--- DATA ---
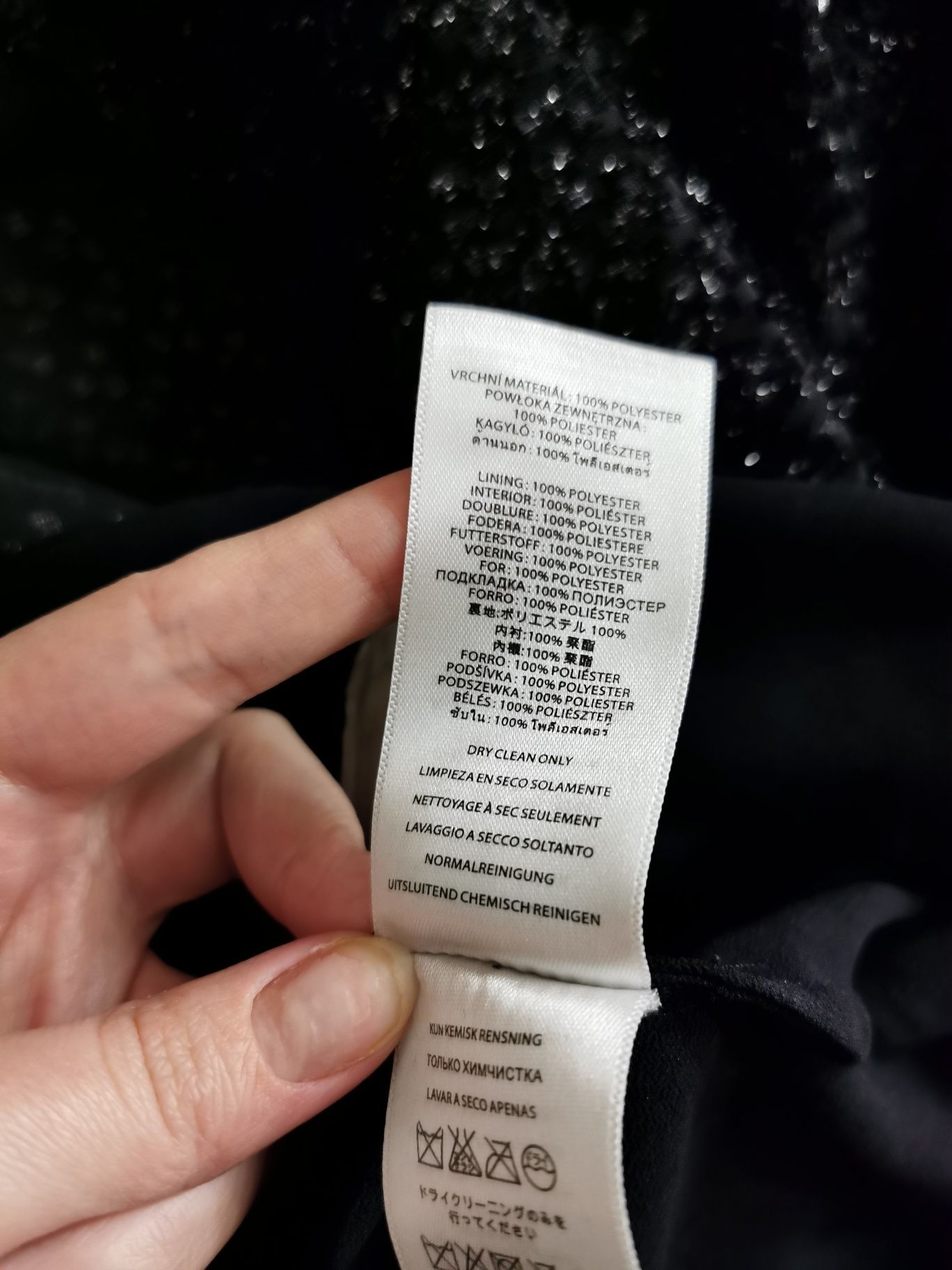 Sukienka Michael Kors czarna mini błyszcząca M 38 koktajlowa lśniąca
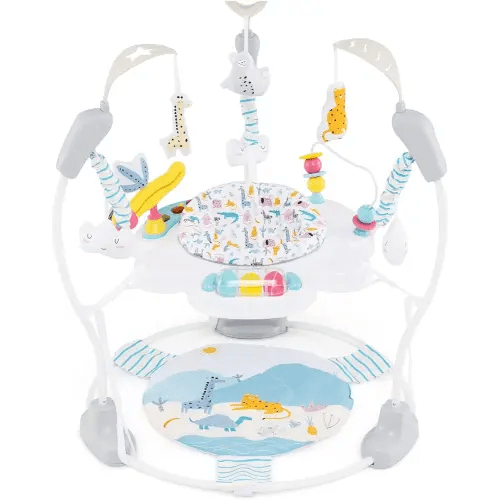 INFANS Baby Activity Center, 3 in 1 Play Center Jumpers and Bouncers with Music, Lights, Interactive Toys, 360°Rotating Seat, 3 Adjustable Heights, Exersaucer Learning Toys for Baby 6-12 Months (Blue)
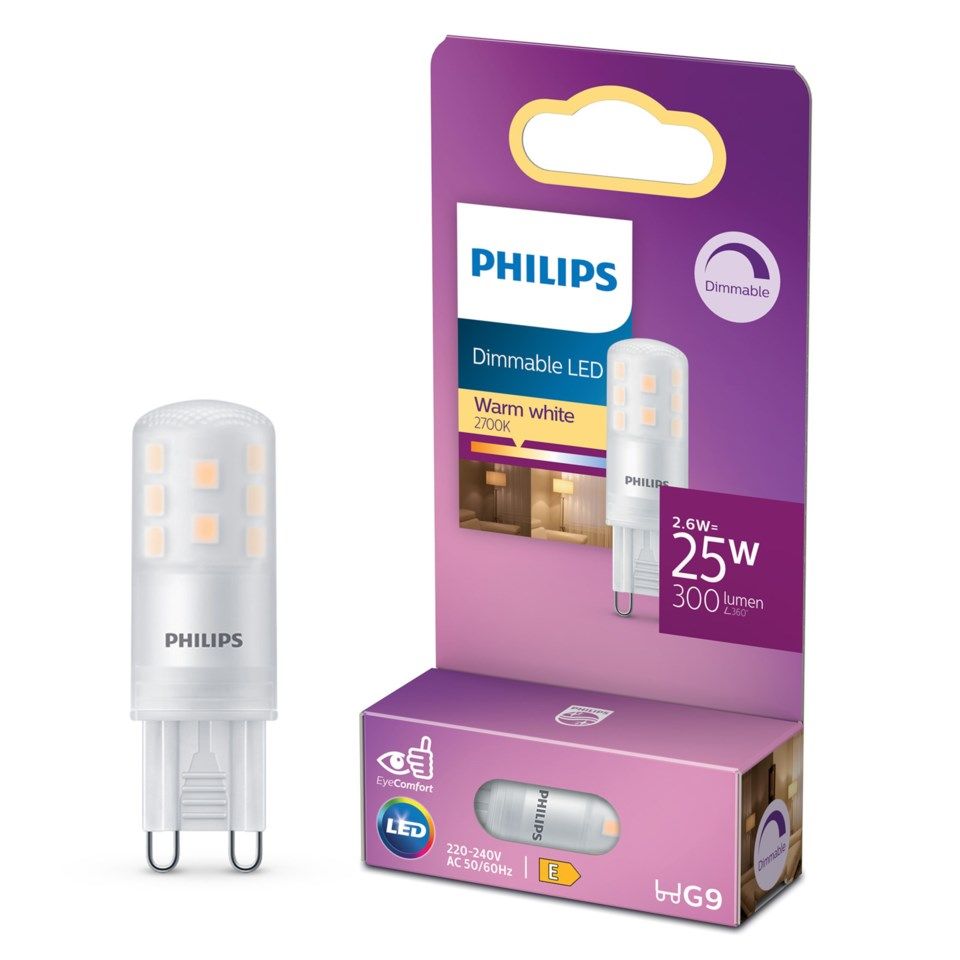 Philips LED-lampa G9 300 lm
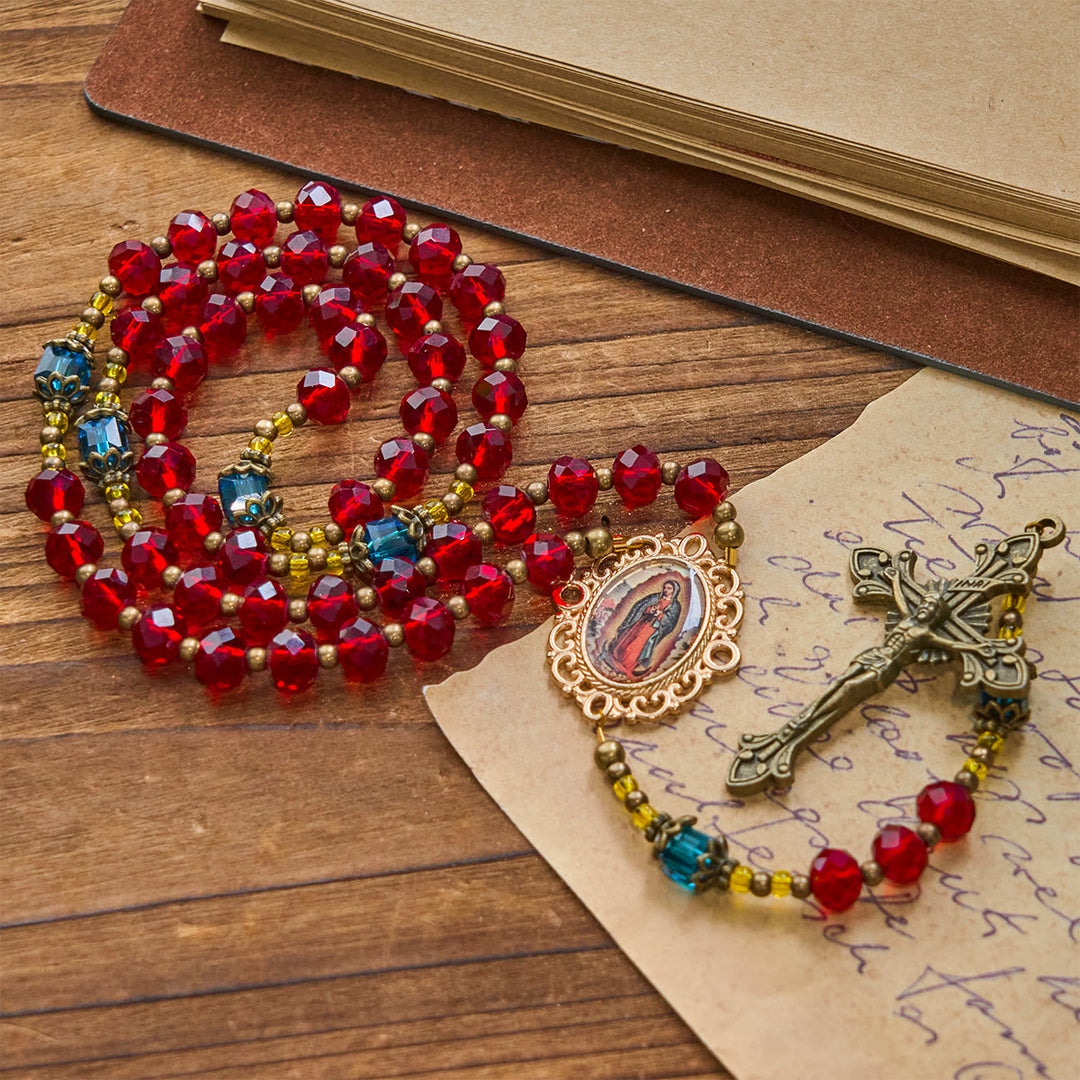 Christianartworkshop Handgefertigter Rosenkranz mit Kruzifix Unserer Lieben Frau von Guadalupe aus rotem Kristall, böhmisches tschechisches Glas - image 8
---
TO DO
Copy exactly, and only, the lines running from the one containing "Philips LED-lampa G9 300 lm" through the final line of the data, and omit the pictures.

WORKED SOLUTION
 Philips LED-lampa G9 300 lm
 Christianartworkshop Handgefertigter Rosenkranz mit Kruzifix Unserer Lieben Frau von Guadalupe aus rotem Kristall, böhmisches tschechisches Glas - image 8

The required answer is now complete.